For several years, a group of parents in Middleton, Wisconsin, has organized a weekly lunch in Fireman's Memorial Park, next to Middleton High School, where they distribute Bibles and later proselytize to students after school. The so-called "Jesus Lunches" are not sanctioned by the Middleton-Cross Plains School District, and violate a city agreement that allows the school district to determine how the park should be used.
Freedom From Religion Foundation is a secular organization that seeks to defend the First Amendment's Establishment Clause, which guarantees that the government will remain uninvolved with matters of religion. The FFRF will protest at one of the lunches on April 19, according to a statement released by the group.

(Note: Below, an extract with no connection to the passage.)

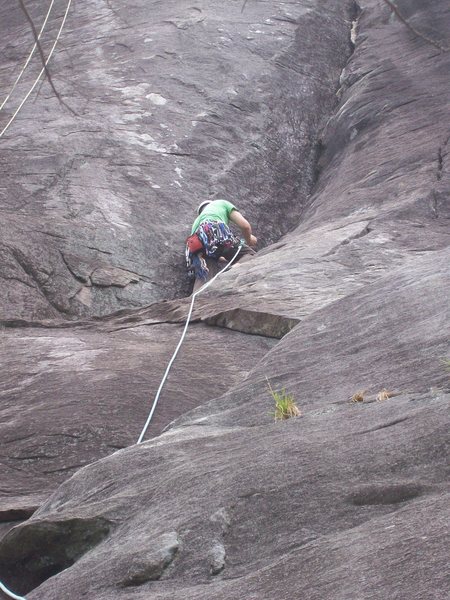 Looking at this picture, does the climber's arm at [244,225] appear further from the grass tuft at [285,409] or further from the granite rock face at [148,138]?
the grass tuft at [285,409]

"FFRF strongly supports -- and actively fights for -- the rights of free speech and free assembly as embodied in the First Amendment," wrote Ryan Jayne, a legal fellow for FFRF, in a letter to the school district's superintendent, Don Johnson.
"However, these basic rights have reasonable limits when applied to school campuses. The district is well within its right to regulate large groups targeting district students, especially when those groups violate district rules and regulations," Jayne added.
The FFRF was informed about the lunches by a student who led a plan to organize a protest. The group decided to join the protesting students and plans to offer desserts including cupcakes, cookies and brownies to students, as well as literature on violations of the separation of church and state and publications entitled "What's Wrong with the Ten Commandments" and "Why Women Need Freedom From Religion."
In a statement, the parents organizing the weekly event argued they are legally allowed to have lunch in the park and that students who receive the free food are not required to participate in the religious aspects of the lunches, reports the Wisconsin State Journal.
"We don't think any adults, whether missionaries or atheists or those purveying commercial enterprises, should be allowed to move in opportunistically like this upon what is essentially a captive audience of students," FFRF Co-President Anne Laurie Gaylor said in a statement on the protest.
Middleton Police Chief Charles Foulke has said the lunches will likely continue until the end of the school year, but with police present to supervise.